Over the last three months, precious metals and
natural resources have edged higher. As of March 3rd, gold was up 9%
over three months.1Commodities
rose by a similar number, as per the Dow Jones-UBS Commodity Index.2The AMEX Gold Bugs Index, which tracks
gold companies, is up 23% over that period.3
Investors are piling in as a result.Bloomberg reports4: “Hedge funds
raised bullish gold wagers to the highest in more than 14 months amid mounting
concern that the U.S. economic recovery is weakening.”
Rick believes the rally will face difficult times,
testing the courage of investors currently entering the market. “These
double-digit gains in many stocks over a couple of months are not sustainable,”
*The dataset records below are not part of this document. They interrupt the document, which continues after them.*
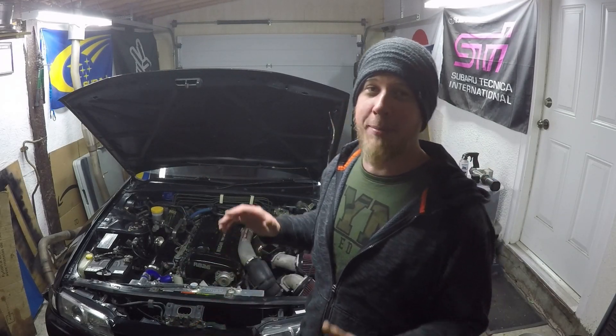What's up YouTube and welcome back to another episode of Homebrew Subaru. In this episode I will be doing a compression and leak down test on this RB26.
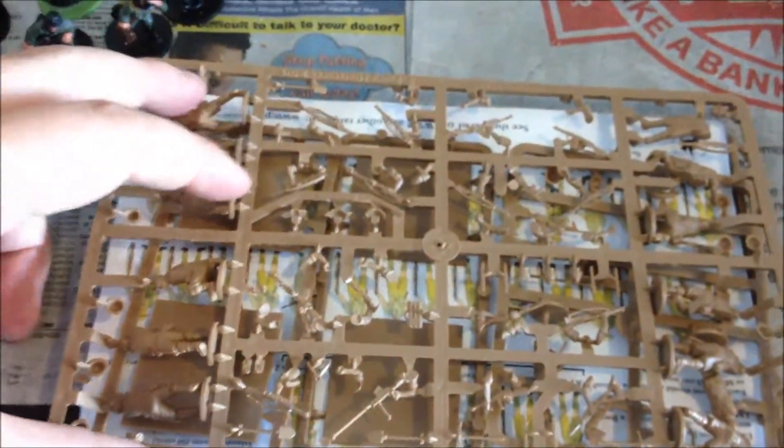Here you can see the sprues — got 3, 6, 9, 12 there. That'll make 24, then 36.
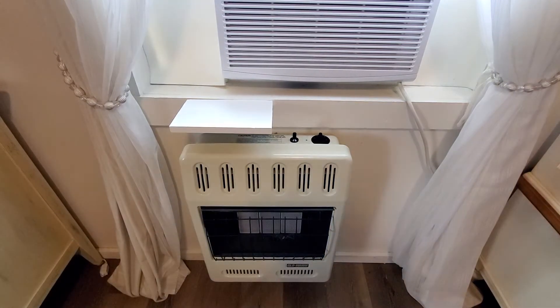The first thing to remember is the tanks have to be on outside. Look on the refrigerator — it'll say whether the tank is on or off.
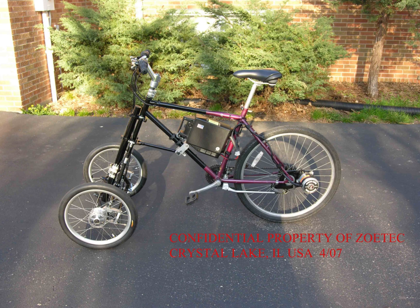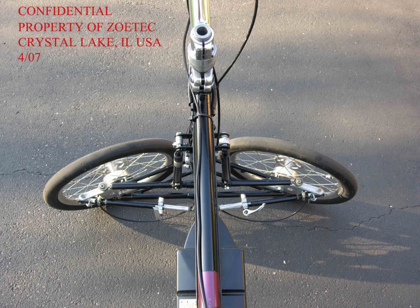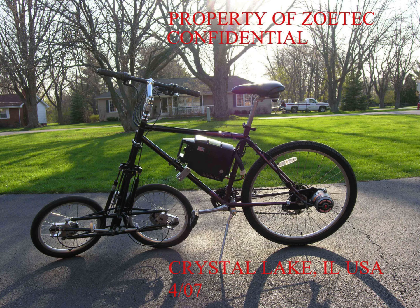This design is universal — it is a tricycle that can lean at speed. It can transform to a level, low, or no-tilt machine at low speed and stop. It is basically a transforming bipedal bicycle.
he believes. “This recovery will need to consolidate in order to push further,
so prepare for the stocks to come down in the near term, yielding attractive
entry points in the summer.”
Some stocks are temporarily selling 30% or 40%
higher simply because of the excitement brought on by a couple of good months
in the sector, says Rick. Some investors may want to use this opportunity to
take some gains, especially if you have ‘mistakes’ in your portfolio that you
want to get rid of.
He explained his take further during an interview at the recent PDAC convention:
“I suspect that the rally we are in now is a false rally,” he said, explaining that we
will see more of a drawn-out ‘bottoming’ process than a swift bounce off of a
bottom.
This bottoming process could last at least through
the summer, he said. Many of the issuers could be ‘challenged’ during that
period.
“The lower end of the market is still headed to its
intrinsic value, which is, of course, zero,” he explained.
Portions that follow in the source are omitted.